The anecdote illustrates what some are now calling the ”Chicken Hawk” factor, which could play an important role in the increasingly intense and personalised debate over the Bush administration’s push toward war with Iraq.
That the greatest opposition to the war is centred in the military brass – the source of the most damaging leaks of the administration’s battle plans – as well as in the upper reaches of the State Department and among the foreign-policy veterans of the first Bush administration, has made the hawks extremely sensitive to the question of their own military service, or, rather, lack of it.
”It is interesting to me that many of those who want to rush this country into war and think it would be so quick and easy don’t know anything about war,” observed Sen. Chuck Hagel of Nebraska, a Republican Vietnam veteran whose scepticism about an Iraqi adventure has made him ‘persona non grata’ to the neo-cons leading the charge.
A Chicken Hawk, according to The New Hampshire Gazette, which maintains a database on the subject, is a term often applied to public figures – generally male – who tend to advocate ”military solutions to political problems, and who have personally (also) declined to take advantage of a significant opportunity to serve in uniform during wartime”.
That description applies to most senior administration officials in their fifties, who were subject to the military draft during the Vietnam War.
George W. Bush himself, instead of being drafted for the war, received a posting to the Texas National Guard. It was the kind of dodge from military service that Secretary of State and former Joint Chiefs of Staff chairman Colin Powell said in his memoirs was generally reserved for ”the sons of the powerful”.
Vice President Dick Cheney avoided the uniform altogether, insisting to one inquiring reporter that he ”had other priorities in the 60s than military service”.
Secretary of Defense Donald Rumsfeld, the other leading Cabinet hawk, flew Navy jets between the Korean and Vietnam wars but saw no combat. Indeed, the only cabinet member with combat experience is Powell.
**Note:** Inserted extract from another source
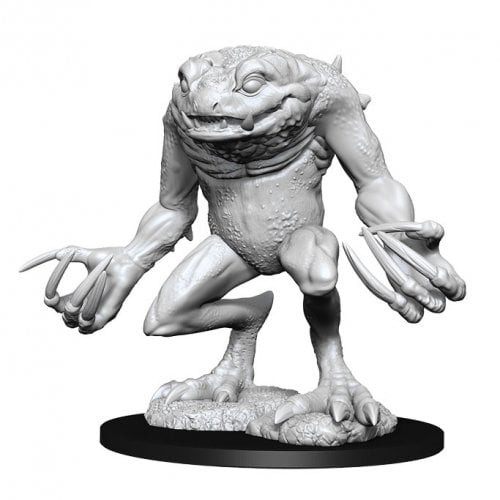 D&D Nolzur's Marvelous Miniatures - Red Slaad (90251)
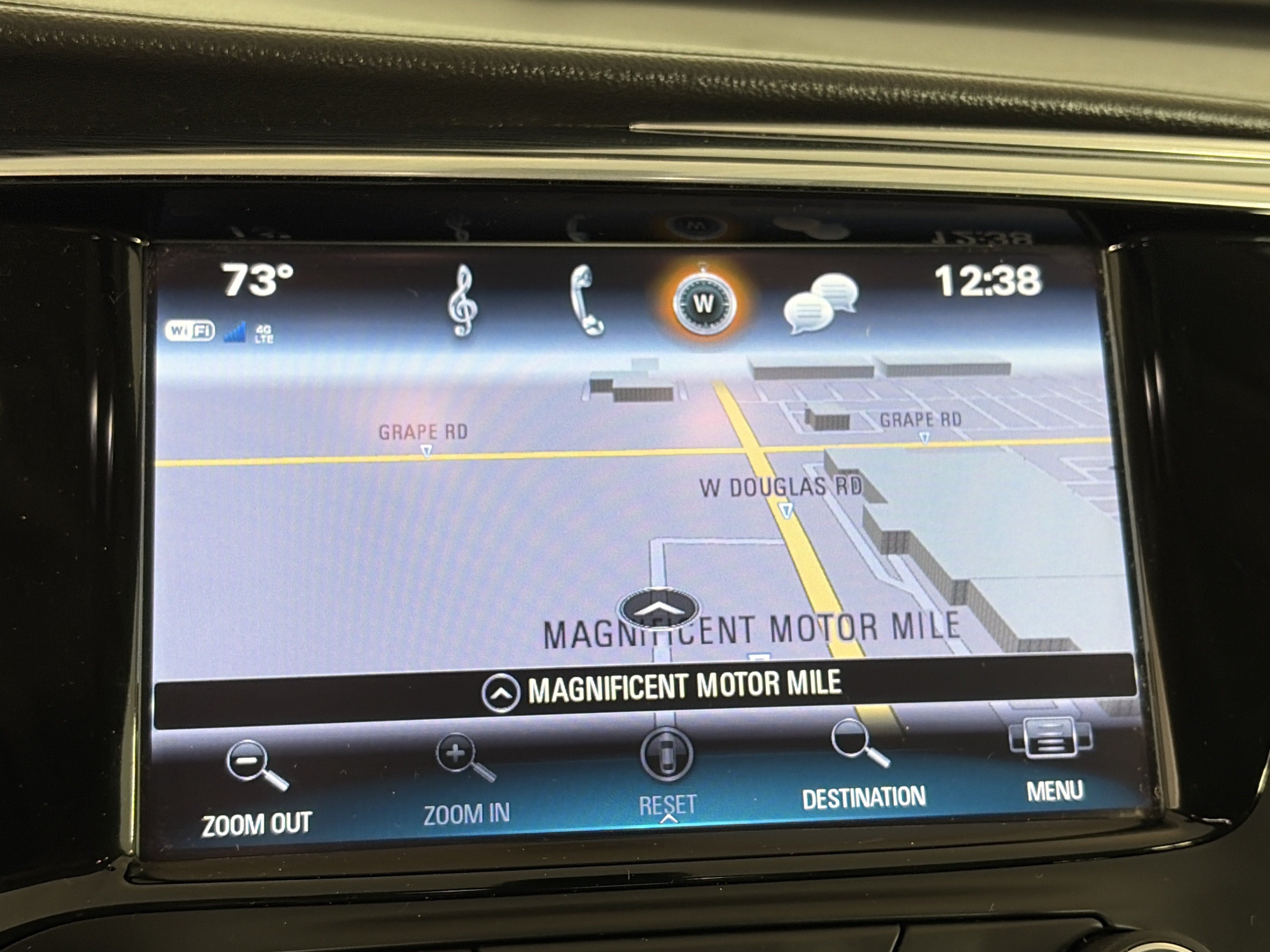 Used 2017 Buick Envision Essence AWD/4WD image 22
The record at the sub-cabinet level is worse. Cheney’s hawkish and powerful chief of staff, I. Lewis Libby, spent the Vietnam War at Yale and Columbia universities. Rumsfeld’s top deputies in the same age group – Paul Wolfowitz and Peter Rodman – were similarly engaged, while Dougas Feith, the Pentagon’s most enthusiastic war booster, turned 18 only after the draft ended but then opted for law school.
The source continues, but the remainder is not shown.